Start of Block
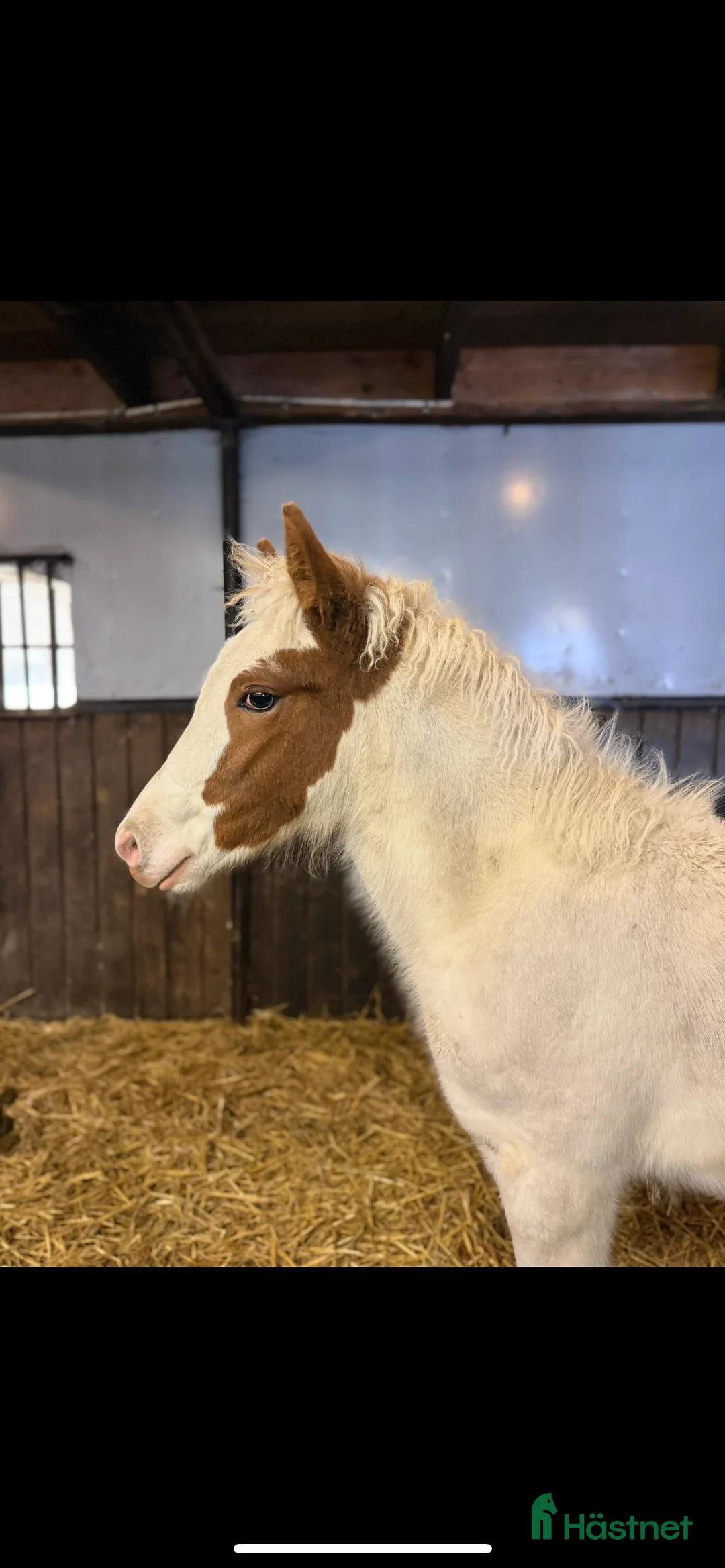 Island hästar till salu: Vackert lovande stoföl!  i Hästveda - Annons 2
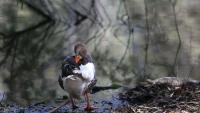 Second Bird Reported With H5N1 at Nicosia's Athalassa Park as Cyprus Expert Calls Human Risk Very Limited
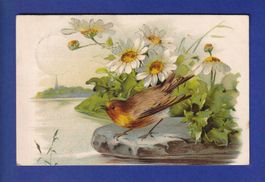 OISEAU - Rouge-Gorge et Marguerites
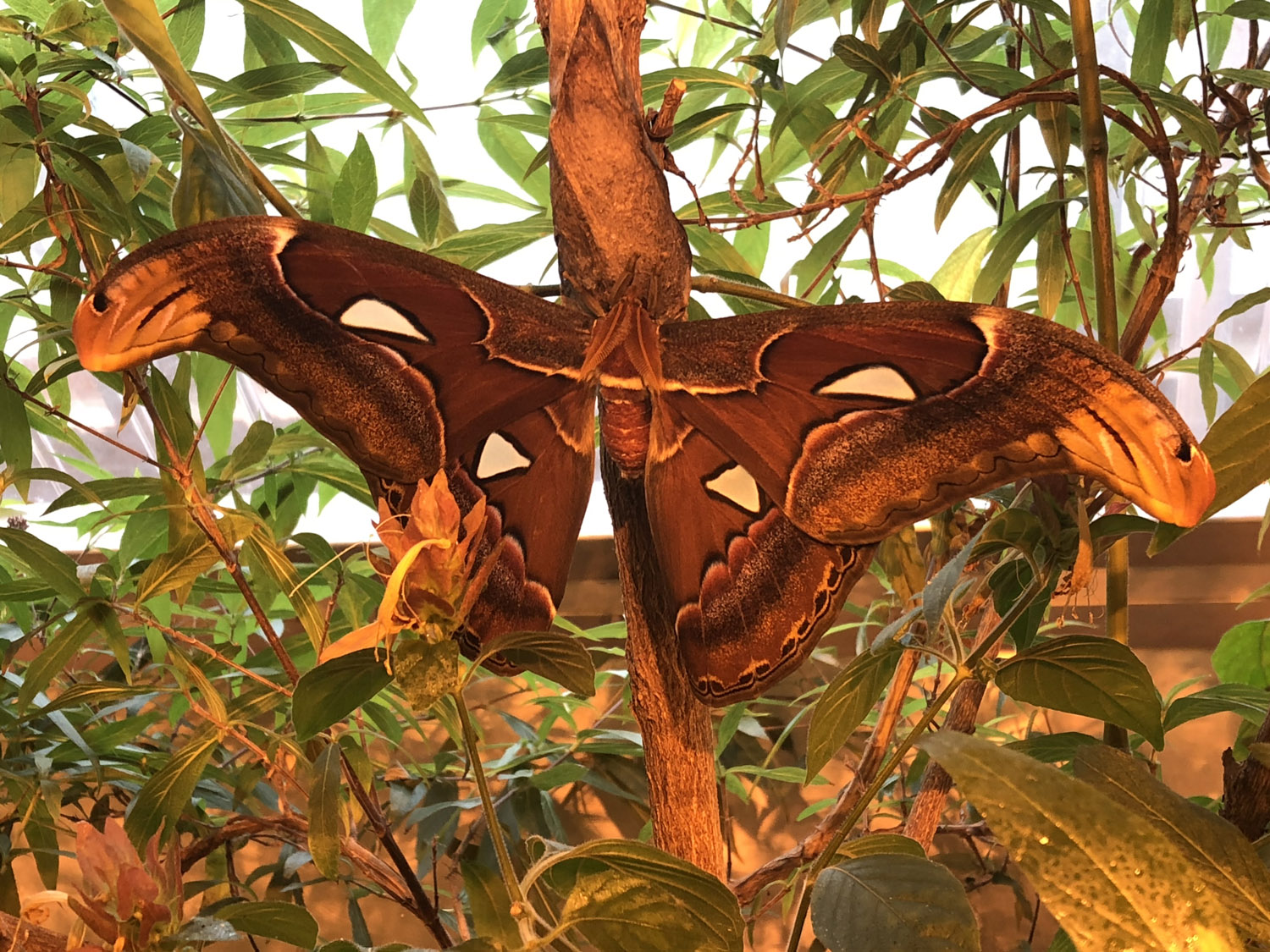 What’s New In the Butterfly Encounter? Exploring the Atlas Moth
End of Block
» REQUIRED ACTION
Without including any picture, output all the material exactly as it appears.

» ANSWER SECTION
 Island hästar till salu: Vackert lovande stoföl!  i Hästveda - Annons 2
 Second Bird Reported With H5N1 at Nicosia's Athalassa Park as Cyprus Expert Calls Human Risk Very Limited
 OISEAU - Rouge-Gorge et Marguerites
 What’s New In the Butterfly Encounter? Exploring the Atlas Moth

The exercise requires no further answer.